_Your goal_: Omitting all images, transcribe the entries word for word.

_Provided records_:
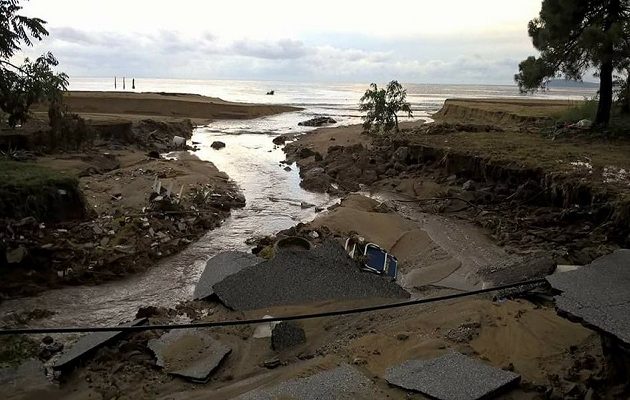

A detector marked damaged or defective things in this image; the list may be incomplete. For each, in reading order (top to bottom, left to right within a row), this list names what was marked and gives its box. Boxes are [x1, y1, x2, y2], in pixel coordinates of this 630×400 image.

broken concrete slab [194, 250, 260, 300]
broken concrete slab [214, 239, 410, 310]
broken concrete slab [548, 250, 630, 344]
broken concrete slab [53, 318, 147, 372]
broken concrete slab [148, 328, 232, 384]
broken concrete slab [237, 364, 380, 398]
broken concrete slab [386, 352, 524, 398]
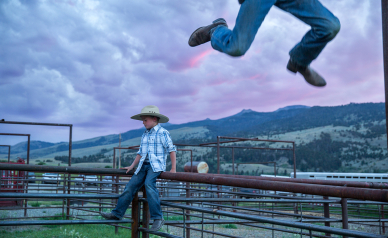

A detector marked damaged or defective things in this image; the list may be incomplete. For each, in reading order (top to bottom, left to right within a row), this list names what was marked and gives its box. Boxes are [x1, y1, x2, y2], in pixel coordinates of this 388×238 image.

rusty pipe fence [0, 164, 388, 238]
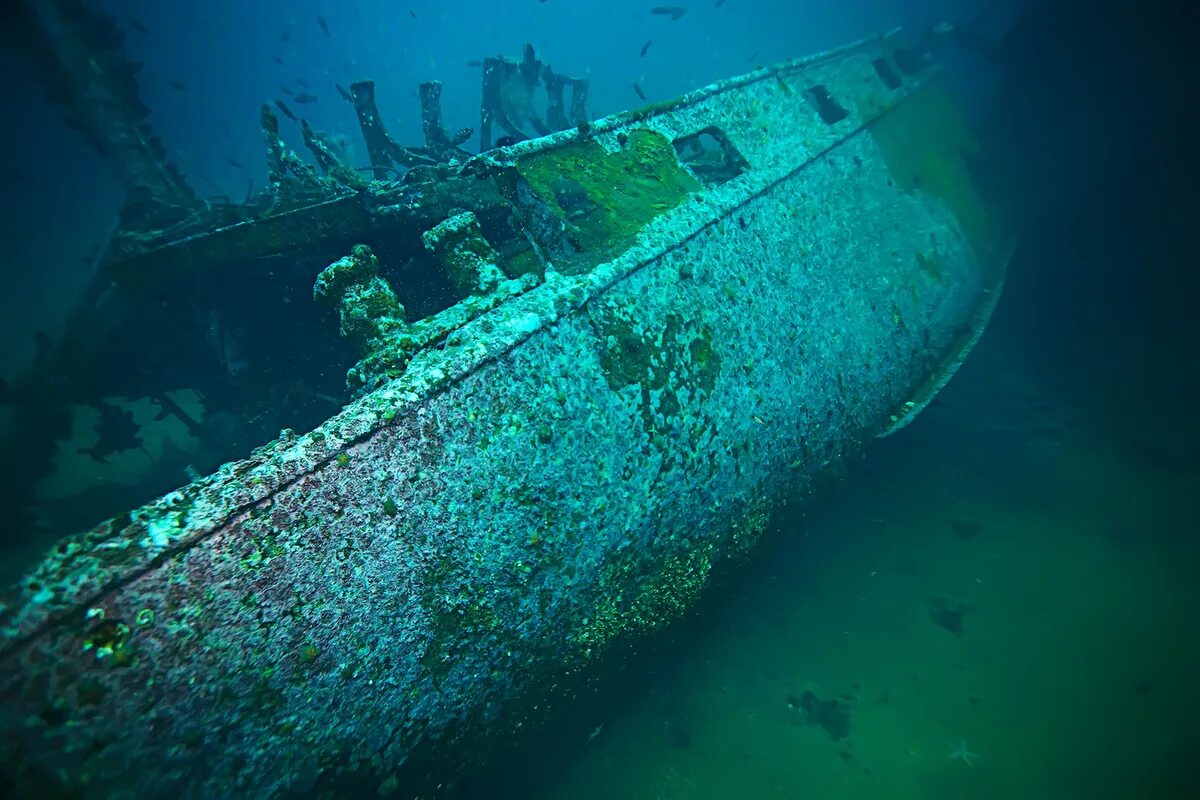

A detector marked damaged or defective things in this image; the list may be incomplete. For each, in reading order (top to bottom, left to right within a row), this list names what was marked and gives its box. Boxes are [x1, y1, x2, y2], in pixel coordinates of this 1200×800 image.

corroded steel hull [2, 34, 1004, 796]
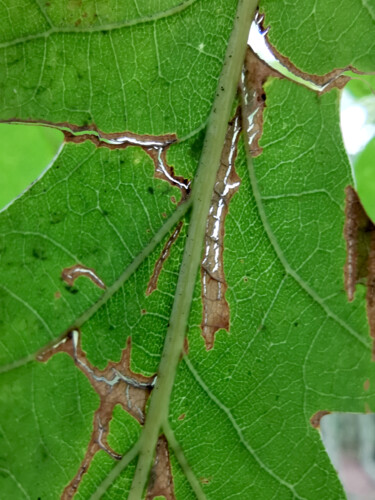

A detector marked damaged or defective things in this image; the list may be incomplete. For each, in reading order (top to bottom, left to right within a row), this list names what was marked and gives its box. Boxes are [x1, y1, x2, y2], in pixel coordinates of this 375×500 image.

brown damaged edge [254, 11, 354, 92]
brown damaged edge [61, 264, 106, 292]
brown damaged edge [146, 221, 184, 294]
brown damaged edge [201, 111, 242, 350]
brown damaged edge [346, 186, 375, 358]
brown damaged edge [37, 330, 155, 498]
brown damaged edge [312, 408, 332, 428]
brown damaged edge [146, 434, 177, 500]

_Response area_:
A detector marked damaged or defective things in this image; the list may be incomplete. For each, in reading order (top to bottom, left to right within a row), this list names what was marked and gives its box. Boxes are [x1, y1, x2, y2], in pixel coordinates of this 630×400 image.

broken concrete slab [194, 250, 260, 300]
broken concrete slab [214, 239, 410, 310]
broken concrete slab [548, 250, 630, 344]
broken concrete slab [53, 318, 147, 372]
broken concrete slab [148, 328, 232, 384]
broken concrete slab [237, 364, 380, 398]
broken concrete slab [386, 352, 524, 398]

A detector marked damaged or defective things in this image; the list may be incomplete. For each, in reading order (top to bottom, left to right within a row), this list names what was marked and gives its box. Boxes are [x1, y1, x2, y2], in pixel coordinates of this 388×238 image.

rusty pipe fence [0, 164, 388, 238]

A detector marked damaged or defective things in this image; the list may be incomplete. For each, in reading order (top to bottom, left to right within a row), this list names what was marked and gives its box. Boxes are [x1, y1, x2, y2], in pixel coordinates of this 1200×800 image.

corroded steel hull [2, 34, 1004, 796]

A detector marked damaged or defective things in this image; the list may be incomplete. For each, in reading order (top to bottom, left to right within a row), this list names what was marked and gives its box. Boxes are [x1, y1, x2, y2], in pixel coordinates of this 375×500 image.

brown damaged edge [254, 11, 354, 92]
brown damaged edge [61, 264, 106, 292]
brown damaged edge [146, 221, 184, 294]
brown damaged edge [201, 111, 242, 350]
brown damaged edge [346, 186, 375, 358]
brown damaged edge [37, 330, 155, 498]
brown damaged edge [312, 408, 332, 428]
brown damaged edge [146, 434, 177, 500]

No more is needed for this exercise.